Rob from the rich and give to the poor. Sounds like a socialist’s dream. But who are the rich in this story? It’s the government. Tax collector Sheriff Nottingham and the totalitarian Prince Richard.
The people of Nottingham hated these 2 for taxing them to death. It is the government that impoverished the citizens by stealing their productive output and enriching themselves.
What if we could play Robinhood in real-life… but completely legal? This is where you use (OPM) other people’s money to grow your wealth.
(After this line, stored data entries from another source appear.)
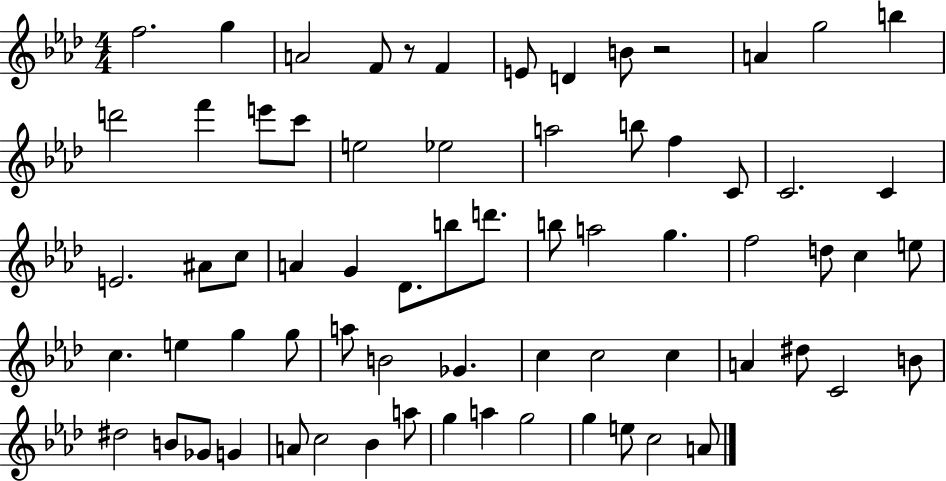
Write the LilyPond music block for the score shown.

{
  \clef treble
  \numericTimeSignature
  \time 4/4
  \key aes \major
  f''2. g''4 | a'2 f'8 r8 f'4 | e'8 d'4 b'8 r2 | a'4 g''2 b''4 | \break d'''2 f'''4 e'''8 c'''8 | e''2 ees''2 | a''2 b''8 f''4 c'8 | c'2. c'4 | \break e'2. ais'8 c''8 | a'4 g'4 des'8. b''8 d'''8. | b''8 a''2 g''4. | f''2 d''8 c''4 e''8 | \break c''4. e''4 g''4 g''8 | a''8 b'2 ges'4. | c''4 c''2 c''4 | a'4 dis''8 c'2 b'8 | \break dis''2 b'8 ges'8 g'4 | a'8 c''2 bes'4 a''8 | g''4 a''4 g''2 | g''4 e''8 c''2 a'8 | \break \bar "|."
}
Sounds like Robinhood in a way, only in this story, we create win-win situations where we find deals that enrich ourselves while also enriching the people whose money we’re using to leverage our return on investment.
The classic case everyone knows about is borrowing the bank’s money. For a rental property, you put some of your money down to have some skin in the game (usually 20%) and the bank puts down 80%. That’s using other people’s money to leverage your return on investment.
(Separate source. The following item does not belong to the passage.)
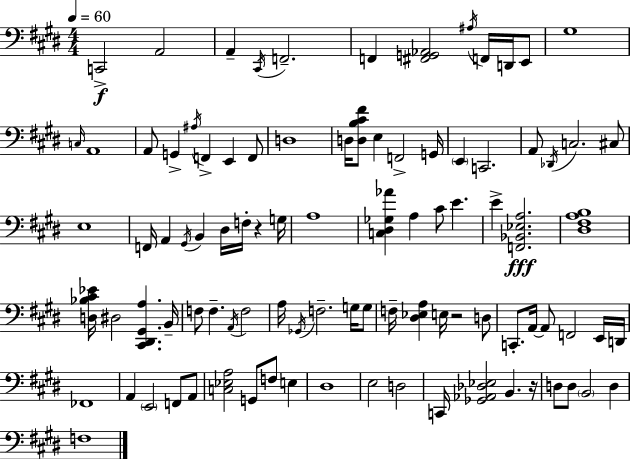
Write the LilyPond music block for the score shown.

For my property I purchased in Dec 2019, I used even more people’s money for the down payment. I knew someone who had money they wanted to withdraw from their 401k to begin exiting the market. You get taxed at employee rates when you withdraw from 401k, so I borrowed that money as a loan over 4 years and they get their money back with interest as residual income for the next 4 years. I benefited by not transferring Canadian Dollars to US dollars, where I would have lost 30% just in the exchange rate AND because I didn’t use my own money, my (ROI) return on investment went up! They also benefited by recovering the losses they incurred in taxes with the interest I am paying them. And because you always need to invest for positive cash flow so that the purchase remains an asset and not a liability… you have to make sure there is enough money coming in for rent to pay all of your expenses to keep money coming in for yourself. And guess what, after 4 years, the residuals for that property will grow even more when that downpayment loan is paid off.
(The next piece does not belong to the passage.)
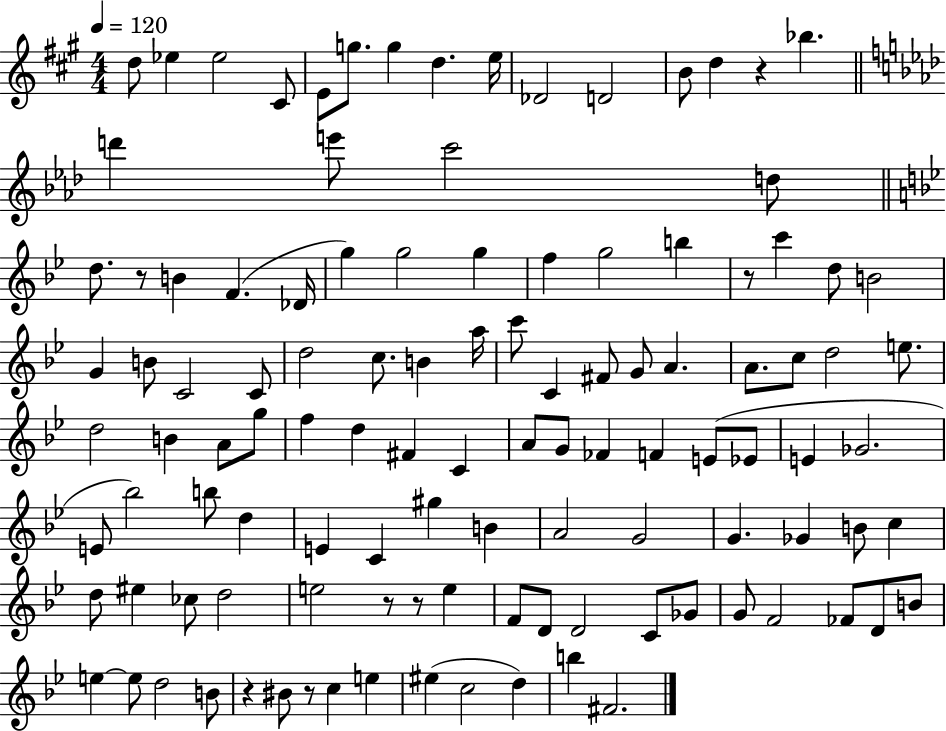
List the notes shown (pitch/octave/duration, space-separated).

D5/e Eb5/q Eb5/h C#4/e E4/e G5/e. G5/q D5/q. E5/s Db4/h D4/h B4/e D5/q R/q Bb5/q. D6/q E6/e C6/h D5/e D5/e. R/e B4/q F4/q. Db4/s G5/q G5/h G5/q F5/q G5/h B5/q R/e C6/q D5/e B4/h G4/q B4/e C4/h C4/e D5/h C5/e. B4/q A5/s C6/e C4/q F#4/e G4/e A4/q. A4/e. C5/e D5/h E5/e. D5/h B4/q A4/e G5/e F5/q D5/q F#4/q C4/q A4/e G4/e FES4/q F4/q E4/e Eb4/e E4/q Gb4/h. E4/e Bb5/h B5/e D5/q E4/q C4/q G#5/q B4/q A4/h G4/h G4/q. Gb4/q B4/e C5/q D5/e EIS5/q CES5/e D5/h E5/h R/e R/e E5/q F4/e D4/e D4/h C4/e Gb4/e G4/e F4/h FES4/e D4/e B4/e E5/q E5/e D5/h B4/e R/q BIS4/e R/e C5/q E5/q EIS5/q C5/h D5/q B5/q F#4/h.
The new thing I’m learning about is something I will be putting in my masterclass. Taking OPM and lending it back out for higher interest using (P2P) Peer to peer lending. I take my monthly residuals and pay off my lower interest loan within a few months while the longer-term – higher interest loan is paid back to me over several years…. and start the process all over again. The residuals begin to stack making the initial loans I take out being paid off quicker and quicker. The math works out to where I’ll be able to create monthly residuals faster than just rental properties alone.
This is where world history and understanding the current monetary system come in. Eventually, when the dollar crashes in value (this is a certainty) the loans are actually in the borrower’s favor because the borrowers are paying off debt with cheaper dollars. So you have to make sure you’re backing up the loans you’re issuing to others with hard assets that appreciate inflation. Gold, Silver, Rental properties, etc.
But on the same coin, the OPM you’re borrowing is also getting paid back with cheaper dollars which is why I like residual income-producing rental properties. The mortgages are assets in themselves because they will be paid back in cheaper currency.
I’m excited to finish my masterclass to get the details on all of these processes in your hands. So that you can become legal Robinhood’s yourselves!